Mon, Apr 10, 2006 - Page 1 News List

Berlusconi-Prodi showdown heads into final stretch

MAMMA MIA The prime minister was chastised for telling his 95-year-old mother how to mark her ballot as a two-day election began

AFP , ROME AND MILAN

Conservative Prime Minister Silvio Berlusconi was fighting for his political life yesterday in the face of a groundswell of support for his center-left opponent Romano Prodi as Italy began voting in a two-day election.

Prodi, dressed in a sober blue suit, cast his ballot at 10am with his wife Flavia in his home city of Bologna.

"I slept well very well last night and today it's sunny and people are voting calmly. I hope everything goes as steadily and as serenely as possible," said the former EU Commission president, who held a narrow but consistent lead in pre-election opinion polls.

Berlusconi, the first prime minister to take a government to its full term in Italy since World War II, was applauded by dozens of his supporters as he voted shortly after 1pm in his home city of Milan, accompanied by his 95-year-old mother, Rosa Bossi.

Intervention

A center-left election monitor at the polling station, however, intervened after overhearing the 69-year-old prime minister telling his frail mother how to vote.
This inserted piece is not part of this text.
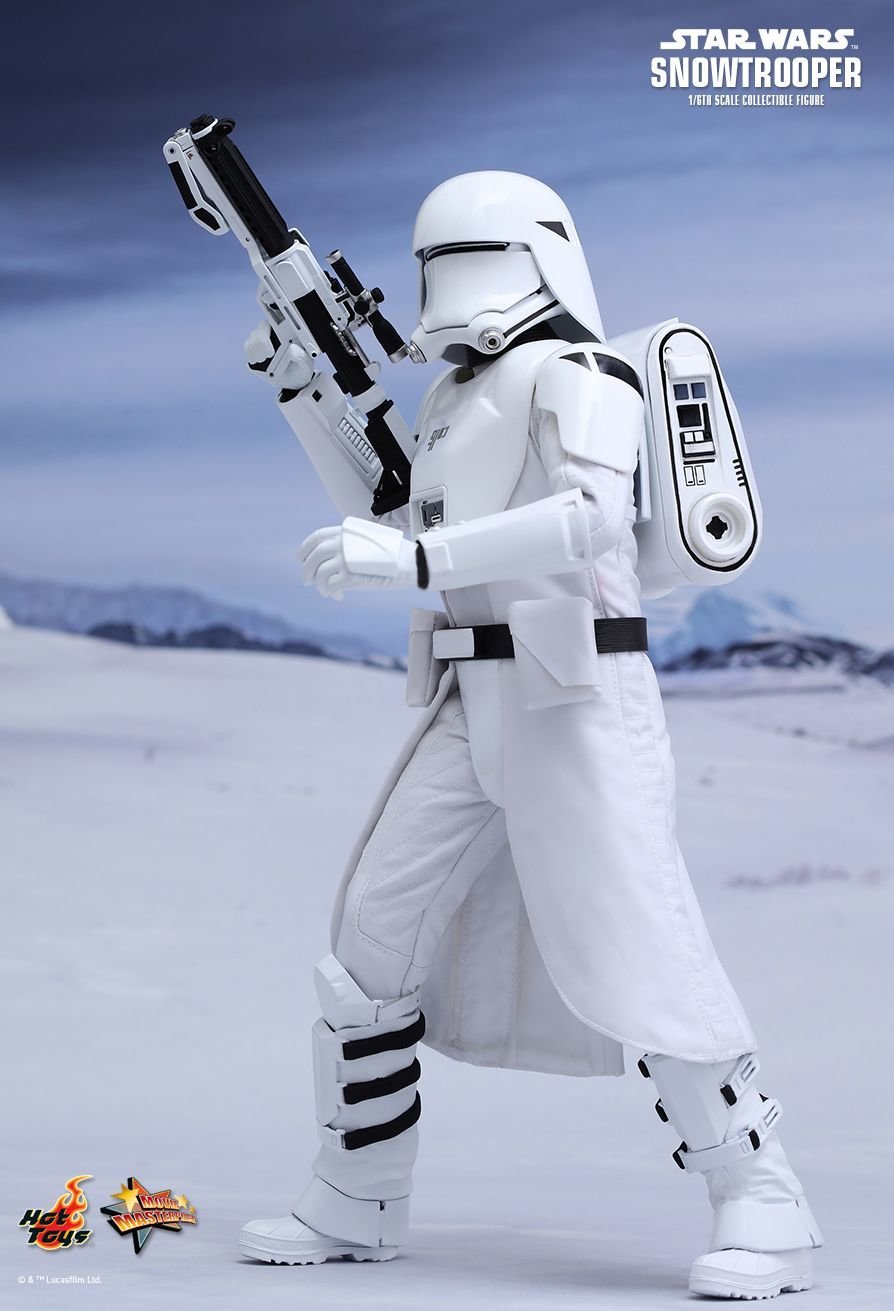 Amazon.co.jp: 【ムービー・マスターピース】『スター・ウォーズ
"Put a cross on Forza Italia," Berlusconi said, indicating his own party.

"Listen, prime minister, you can't do that," the observer protested, according to the ANSA news agency.

"Not even with my mother?" an apparently incredulous Berlusconi said.

"You're really a mean-spirited Italy," he told the man, referring to the opposition Union grouping.

After casting his vote and posing for photographers, Berlusconi then thanked the staff of the polling station, before turning to the opposition monitor.

"Can I shake your hand now?" he said.

Polls will reopen for a second day of voting until 3pm today and first results are expected a few hours later.

Bright sunshine over most of Italy greeted voters as they flocked to 60,000 polling stations.

Leadership test

In Rome's Pigneto district, 50-year-old health worker Maria-Grazia Ingrosso said she wanted to "send Berlusconi home."

"For me nothing has changed, except that five years ago I could afford vacations, and now I have trouble making ends meet," she said.

Analysts say the poll is a referendum on Berlusconi's leadership. His bloc has come under fire in a vitriolic campaign which focused on Italy's dire economic performance, tax cuts and unemployment.

"I voted left to send Berlusconi packing," said Daniele Calente, a civil servant. "But I'm afraid his media bombardment might have made a difference, and all his lies."

In Milan, Berlusconi's appeal was unblemished for some.

"Berlusconi has done positive things for the family," said Monica Bell'oglio, a dental hygienist with two children in tow at a polling station. "And I think that as a business executive he has a spirit of initiative that is more appropriate for governing."